I have installed a Compaq NC6134 Gigabit Fibre NIC from an older server into a recently-bought DL380G3 server (which is the dedicated backup server) in order to improve the current throughput of the nightly backup regime.
Current speed of host to host backups using the inbuilt UTP interface varies from 20-200MB/min depending on size of volumes, number of files and age of the host being backed up.
(Servers include two DL360G1's and a dual-CPU ML570G1 with 12*72GB Ultra3 drives - the backup host is a DL380G3 which is running ARCserve7 for NetWare. All servers are on NetWare 6.0 SP3.)
The UTP port is connected to a 3COM 3300 switch and therefore runs at 100Mb/s Full Duplex.
The 3300 switch connects to a 3COM Super Stack II 9300 Gigabit fibre switch which connects to the other host servers via their own Compaq NC6134 Gigabit fibre NIC's.
(so upgrading the ARCserve server to a Gigabit Fibre card and placing it onto the 9300 switch with all the other servers seems like a logical improvement).
All Fibre NIC's run at 1000Mbps Full Duplex.
(Auto-negotiated, although I have been unsuccessful thus far in turning this off and using forced settings - apparently, according to the driver help screen, the NC71xx will accept manual settings in NetWare but the NC61xx will ignore any of these settings)

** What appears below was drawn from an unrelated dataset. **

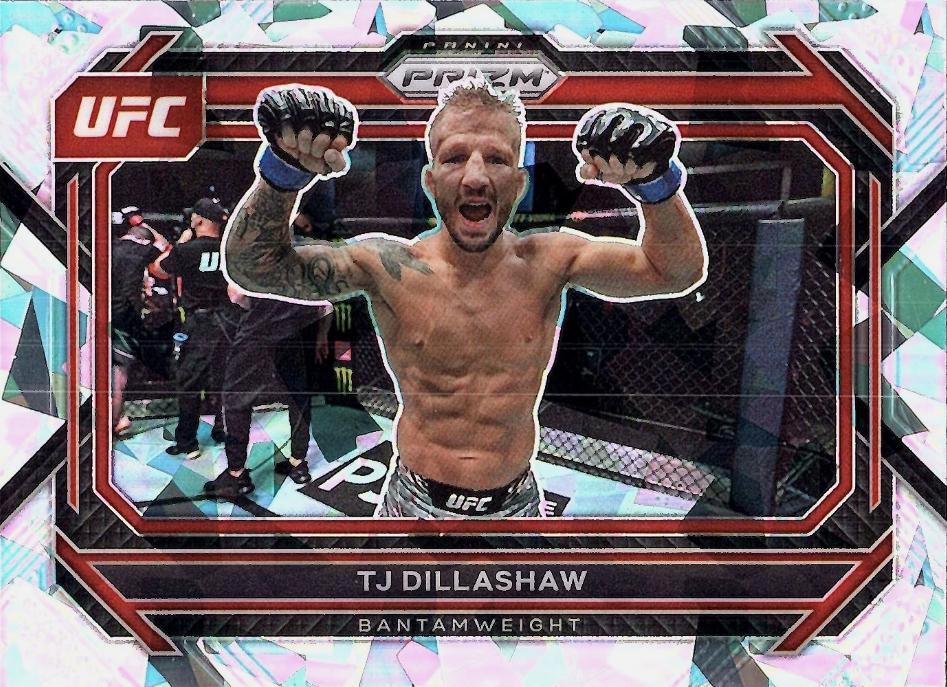 TJ Dillashaw 2023 Panini Prizm UFC Base #3 Ice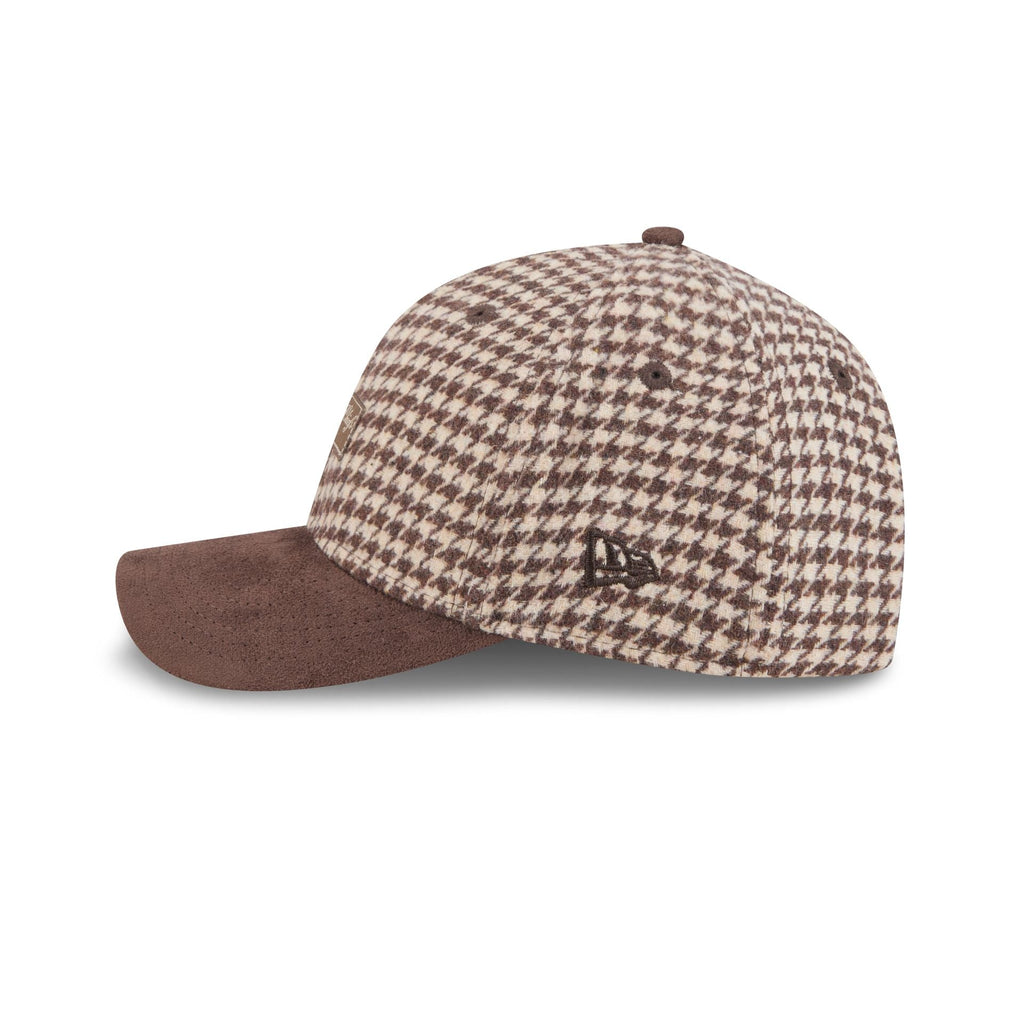 Kansas City Chiefs Brown Houndstooth Women's 9FORTY M-Crown Adjustable Hat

Note that the existing servers all have V2.75 (24 August 2001) NIC drivers for the NC6134 and have worked without any glitch or error for a long time. (several years)
Checking of the server console statistics screen shows that there are no NIC errors at all - no bad packets, no jabber, no failed RX or TX bytes...
I had downloaded the latest NetWare Compaq/HP NIC drivers from HP (V7.51 Dec 2004) and applied it to the backup server only, at the same time as was installing the NC6134 NIC there. (ie. don't make multiple changes at a time, so all other servers untouched..)
The first overnight backup was marginally improved over the UTP interface, however, each subsequent night the performance degraded worse than the previous until a 2 hour incremental job (on 100Mb UTP) was taking 8 hours (on fibre) after three nights of incrementals.
Also, at this time any workstation connected to the backup server now seemed to intermittently freeze for 5-10 secs every 10 secs or so in any comms operations such as copying a large file via Windows Explorer or in accessing the ARCserve management console - for the latter the regular freeze would make inspecting the backup logs unworkable as would continually rescroll to the bottom of the log after each freeze episode despite the operator attempting to read further up the log, and for the former a straight copy of a file would effectively proceed at a crawl and then fail via a timeout (eg. a 1GB file would have a copy completion estimate of 20 mins in Windows but after 10+ minutes a "Network drive invalid" message would appear and the copy would fatally halt. In normal operation a 1GB file will copy in a few minutes server to server and not much slower to the desktop)
Watching the server performance graphs while attempting a large file copy as above showed that both the source and destination server were idling as though unaware that a workstation was trying to copy a file between them but every 10 seconds of so there would be a brief pounding spurt of traffic across the LAN then back to no activity again.
Unloading the card driver and reloading, on a few occasions, seemed to stop this behaviour each time (although nowhere near as definitely stable as switching back to the UTP interface, so I can only assume there is something happening related to this fibre NIC)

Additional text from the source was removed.